▶ [WHAT IS BEING ASKED]
Write out the records below once more, exactly as they stand.

Start of DATA SHOWN

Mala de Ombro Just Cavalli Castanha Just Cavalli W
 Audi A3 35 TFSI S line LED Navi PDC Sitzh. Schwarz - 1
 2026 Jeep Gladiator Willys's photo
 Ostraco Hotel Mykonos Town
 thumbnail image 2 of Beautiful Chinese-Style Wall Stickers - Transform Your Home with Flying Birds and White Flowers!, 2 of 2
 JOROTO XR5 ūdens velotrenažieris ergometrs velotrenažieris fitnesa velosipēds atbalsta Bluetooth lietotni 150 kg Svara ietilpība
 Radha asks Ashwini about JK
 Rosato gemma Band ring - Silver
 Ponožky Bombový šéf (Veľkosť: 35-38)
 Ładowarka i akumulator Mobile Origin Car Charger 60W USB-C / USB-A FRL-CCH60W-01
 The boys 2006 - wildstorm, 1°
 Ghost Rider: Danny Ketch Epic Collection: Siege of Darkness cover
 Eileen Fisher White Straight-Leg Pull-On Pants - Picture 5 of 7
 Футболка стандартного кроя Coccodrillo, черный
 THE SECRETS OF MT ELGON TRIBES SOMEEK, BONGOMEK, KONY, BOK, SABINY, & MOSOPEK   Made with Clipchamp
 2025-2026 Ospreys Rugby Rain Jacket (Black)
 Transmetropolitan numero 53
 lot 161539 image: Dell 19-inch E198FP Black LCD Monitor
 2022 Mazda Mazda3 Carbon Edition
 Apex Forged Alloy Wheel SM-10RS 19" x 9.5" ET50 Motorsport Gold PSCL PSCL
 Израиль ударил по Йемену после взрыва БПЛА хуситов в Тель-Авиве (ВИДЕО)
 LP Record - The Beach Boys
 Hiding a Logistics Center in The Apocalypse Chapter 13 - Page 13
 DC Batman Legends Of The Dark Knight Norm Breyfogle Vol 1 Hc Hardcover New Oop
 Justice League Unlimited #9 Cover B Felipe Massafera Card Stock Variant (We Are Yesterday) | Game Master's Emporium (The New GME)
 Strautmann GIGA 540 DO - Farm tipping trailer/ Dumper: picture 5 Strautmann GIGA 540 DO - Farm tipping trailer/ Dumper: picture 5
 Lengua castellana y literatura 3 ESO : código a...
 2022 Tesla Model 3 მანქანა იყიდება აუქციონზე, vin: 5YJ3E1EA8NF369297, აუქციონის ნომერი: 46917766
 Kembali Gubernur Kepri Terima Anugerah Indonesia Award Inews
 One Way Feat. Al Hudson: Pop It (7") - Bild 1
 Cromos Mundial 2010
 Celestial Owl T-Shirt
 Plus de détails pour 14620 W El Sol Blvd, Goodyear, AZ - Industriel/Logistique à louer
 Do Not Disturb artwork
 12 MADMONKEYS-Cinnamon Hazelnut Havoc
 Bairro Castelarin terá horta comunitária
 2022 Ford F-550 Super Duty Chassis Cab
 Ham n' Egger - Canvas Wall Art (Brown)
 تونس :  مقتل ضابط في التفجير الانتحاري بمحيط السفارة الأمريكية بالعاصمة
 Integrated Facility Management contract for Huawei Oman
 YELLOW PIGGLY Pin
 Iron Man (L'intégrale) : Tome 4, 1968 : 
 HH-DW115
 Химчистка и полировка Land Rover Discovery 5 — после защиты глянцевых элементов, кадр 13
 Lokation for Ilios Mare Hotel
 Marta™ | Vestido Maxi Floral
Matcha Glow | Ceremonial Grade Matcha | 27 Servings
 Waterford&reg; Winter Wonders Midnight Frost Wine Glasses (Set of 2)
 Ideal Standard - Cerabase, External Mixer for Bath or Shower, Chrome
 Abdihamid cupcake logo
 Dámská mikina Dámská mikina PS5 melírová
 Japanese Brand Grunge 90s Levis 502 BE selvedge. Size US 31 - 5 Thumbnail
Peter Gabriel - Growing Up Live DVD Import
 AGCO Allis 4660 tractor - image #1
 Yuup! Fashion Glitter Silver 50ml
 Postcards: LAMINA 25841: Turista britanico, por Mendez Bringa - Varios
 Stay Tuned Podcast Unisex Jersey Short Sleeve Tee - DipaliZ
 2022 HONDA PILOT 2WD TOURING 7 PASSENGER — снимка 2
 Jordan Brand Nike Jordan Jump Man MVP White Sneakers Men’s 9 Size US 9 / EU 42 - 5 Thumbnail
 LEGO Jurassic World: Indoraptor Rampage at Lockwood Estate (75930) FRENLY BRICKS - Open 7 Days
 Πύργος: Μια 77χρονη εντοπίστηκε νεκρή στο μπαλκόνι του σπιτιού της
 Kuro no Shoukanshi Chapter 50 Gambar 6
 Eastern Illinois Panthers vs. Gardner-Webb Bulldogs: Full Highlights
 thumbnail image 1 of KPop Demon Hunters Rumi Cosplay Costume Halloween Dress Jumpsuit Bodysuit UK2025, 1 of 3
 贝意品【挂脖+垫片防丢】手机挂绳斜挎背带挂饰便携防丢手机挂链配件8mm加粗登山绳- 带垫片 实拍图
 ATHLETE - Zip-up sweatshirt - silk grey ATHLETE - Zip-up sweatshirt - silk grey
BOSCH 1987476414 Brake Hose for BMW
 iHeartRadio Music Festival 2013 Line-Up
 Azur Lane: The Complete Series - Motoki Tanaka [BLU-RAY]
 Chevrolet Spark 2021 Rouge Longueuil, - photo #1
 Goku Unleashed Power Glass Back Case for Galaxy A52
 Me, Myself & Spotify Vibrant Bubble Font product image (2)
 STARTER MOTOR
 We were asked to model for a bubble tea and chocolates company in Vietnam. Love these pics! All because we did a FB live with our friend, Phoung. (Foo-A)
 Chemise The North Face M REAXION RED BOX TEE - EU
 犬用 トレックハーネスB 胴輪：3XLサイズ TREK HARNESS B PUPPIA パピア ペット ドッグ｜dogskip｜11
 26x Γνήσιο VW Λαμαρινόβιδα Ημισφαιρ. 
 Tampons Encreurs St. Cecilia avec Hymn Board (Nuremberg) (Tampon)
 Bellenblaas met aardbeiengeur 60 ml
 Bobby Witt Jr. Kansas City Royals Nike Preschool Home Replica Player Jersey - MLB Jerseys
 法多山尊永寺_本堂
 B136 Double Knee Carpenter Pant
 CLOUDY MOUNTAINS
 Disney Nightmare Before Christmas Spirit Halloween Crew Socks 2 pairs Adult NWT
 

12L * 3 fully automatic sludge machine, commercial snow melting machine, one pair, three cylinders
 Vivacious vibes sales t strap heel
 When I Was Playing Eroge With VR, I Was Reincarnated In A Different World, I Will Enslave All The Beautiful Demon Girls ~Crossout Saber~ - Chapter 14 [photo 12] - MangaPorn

End of DATA SHOWN

▶ [TASK RESULT]
Mala de Ombro Just Cavalli Castanha Just Cavalli W
 Audi A3 35 TFSI S line LED Navi PDC Sitzh. Schwarz - 1
 2026 Jeep Gladiator Willys's photo
 Ostraco Hotel Mykonos Town
 thumbnail image 2 of Beautiful Chinese-Style Wall Stickers - Transform Your Home with Flying Birds and White Flowers!, 2 of 2
 JOROTO XR5 ūdens velotrenažieris ergometrs velotrenažieris fitnesa velosipēds atbalsta Bluetooth lietotni 150 kg Svara ietilpība
 Radha asks Ashwini about JK
 Rosato gemma Band ring - Silver
 Ponožky Bombový šéf (Veľkosť: 35-38)
 Ładowarka i akumulator Mobile Origin Car Charger 60W USB-C / USB-A FRL-CCH60W-01
 The boys 2006 - wildstorm, 1°
 Ghost Rider: Danny Ketch Epic Collection: Siege of Darkness cover
 Eileen Fisher White Straight-Leg Pull-On Pants - Picture 5 of 7
 Футболка стандартного кроя Coccodrillo, черный
 THE SECRETS OF MT ELGON TRIBES SOMEEK, BONGOMEK, KONY, BOK, SABINY, & MOSOPEK   Made with Clipchamp
 2025-2026 Ospreys Rugby Rain Jacket (Black)
 Transmetropolitan numero 53
 lot 161539 image: Dell 19-inch E198FP Black LCD Monitor
 2022 Mazda Mazda3 Carbon Edition
 Apex Forged Alloy Wheel SM-10RS 19" x 9.5" ET50 Motorsport Gold PSCL PSCL
 Израиль ударил по Йемену после взрыва БПЛА хуситов в Тель-Авиве (ВИДЕО)
 LP Record - The Beach Boys
 Hiding a Logistics Center in The Apocalypse Chapter 13 - Page 13
 DC Batman Legends Of The Dark Knight Norm Breyfogle Vol 1 Hc Hardcover New Oop
 Justice League Unlimited #9 Cover B Felipe Massafera Card Stock Variant (We Are Yesterday) | Game Master's Emporium (The New GME)
 Strautmann GIGA 540 DO - Farm tipping trailer/ Dumper: picture 5 Strautmann GIGA 540 DO - Farm tipping trailer/ Dumper: picture 5
 Lengua castellana y literatura 3 ESO : código a...
 2022 Tesla Model 3 მანქანა იყიდება აუქციონზე, vin: 5YJ3E1EA8NF369297, აუქციონის ნომერი: 46917766
 Kembali Gubernur Kepri Terima Anugerah Indonesia Award Inews
 One Way Feat. Al Hudson: Pop It (7") - Bild 1
 Cromos Mundial 2010
 Celestial Owl T-Shirt
 Plus de détails pour 14620 W El Sol Blvd, Goodyear, AZ - Industriel/Logistique à louer
 Do Not Disturb artwork
 12 MADMONKEYS-Cinnamon Hazelnut Havoc
 Bairro Castelarin terá horta comunitária
 2022 Ford F-550 Super Duty Chassis Cab
 Ham n' Egger - Canvas Wall Art (Brown)
 تونس :  مقتل ضابط في التفجير الانتحاري بمحيط السفارة الأمريكية بالعاصمة
 Integrated Facility Management contract for Huawei Oman
 YELLOW PIGGLY Pin
 Iron Man (L'intégrale) : Tome 4, 1968 : 
 HH-DW115
 Химчистка и полировка Land Rover Discovery 5 — после защиты глянцевых элементов, кадр 13
 Lokation for Ilios Mare Hotel
 Marta™ | Vestido Maxi Floral
Matcha Glow | Ceremonial Grade Matcha | 27 Servings
 Waterford&reg; Winter Wonders Midnight Frost Wine Glasses (Set of 2)
 Ideal Standard - Cerabase, External Mixer for Bath or Shower, Chrome
 Abdihamid cupcake logo
 Dámská mikina Dámská mikina PS5 melírová
 Japanese Brand Grunge 90s Levis 502 BE selvedge. Size US 31 - 5 Thumbnail
Peter Gabriel - Growing Up Live DVD Import
 AGCO Allis 4660 tractor - image #1
 Yuup! Fashion Glitter Silver 50ml
 Postcards: LAMINA 25841: Turista britanico, por Mendez Bringa - Varios
 Stay Tuned Podcast Unisex Jersey Short Sleeve Tee - DipaliZ
 2022 HONDA PILOT 2WD TOURING 7 PASSENGER — снимка 2
 Jordan Brand Nike Jordan Jump Man MVP White Sneakers Men’s 9 Size US 9 / EU 42 - 5 Thumbnail
 LEGO Jurassic World: Indoraptor Rampage at Lockwood Estate (75930) FRENLY BRICKS - Open 7 Days
 Πύργος: Μια 77χρονη εντοπίστηκε νεκρή στο μπαλκόνι του σπιτιού της
 Kuro no Shoukanshi Chapter 50 Gambar 6
 Eastern Illinois Panthers vs. Gardner-Webb Bulldogs: Full Highlights
 thumbnail image 1 of KPop Demon Hunters Rumi Cosplay Costume Halloween Dress Jumpsuit Bodysuit UK2025, 1 of 3
 贝意品【挂脖+垫片防丢】手机挂绳斜挎背带挂饰便携防丢手机挂链配件8mm加粗登山绳- 带垫片 实拍图
 ATHLETE - Zip-up sweatshirt - silk grey ATHLETE - Zip-up sweatshirt - silk grey
BOSCH 1987476414 Brake Hose for BMW
 iHeartRadio Music Festival 2013 Line-Up
 Azur Lane: The Complete Series - Motoki Tanaka [BLU-RAY]
 Chevrolet Spark 2021 Rouge Longueuil, - photo #1
 Goku Unleashed Power Glass Back Case for Galaxy A52
 Me, Myself & Spotify Vibrant Bubble Font product image (2)
 STARTER MOTOR
 We were asked to model for a bubble tea and chocolates company in Vietnam. Love these pics! All because we did a FB live with our friend, Phoung. (Foo-A)
 Chemise The North Face M REAXION RED BOX TEE - EU
 犬用 トレックハーネスB 胴輪：3XLサイズ TREK HARNESS B PUPPIA パピア ペット ドッグ｜dogskip｜11
 26x Γνήσιο VW Λαμαρινόβιδα Ημισφαιρ. 
 Tampons Encreurs St. Cecilia avec Hymn Board (Nuremberg) (Tampon)
 Bellenblaas met aardbeiengeur 60 ml
 Bobby Witt Jr. Kansas City Royals Nike Preschool Home Replica Player Jersey - MLB Jerseys
 法多山尊永寺_本堂
 B136 Double Knee Carpenter Pant
 CLOUDY MOUNTAINS
 Disney Nightmare Before Christmas Spirit Halloween Crew Socks 2 pairs Adult NWT
 

12L * 3 fully automatic sludge machine, commercial snow melting machine, one pair, three cylinders
 Vivacious vibes sales t strap heel
 When I Was Playing Eroge With VR, I Was Reincarnated In A Different World, I Will Enslave All The Beautiful Demon Girls ~Crossout Saber~ - Chapter 14 [photo 12] - MangaPorn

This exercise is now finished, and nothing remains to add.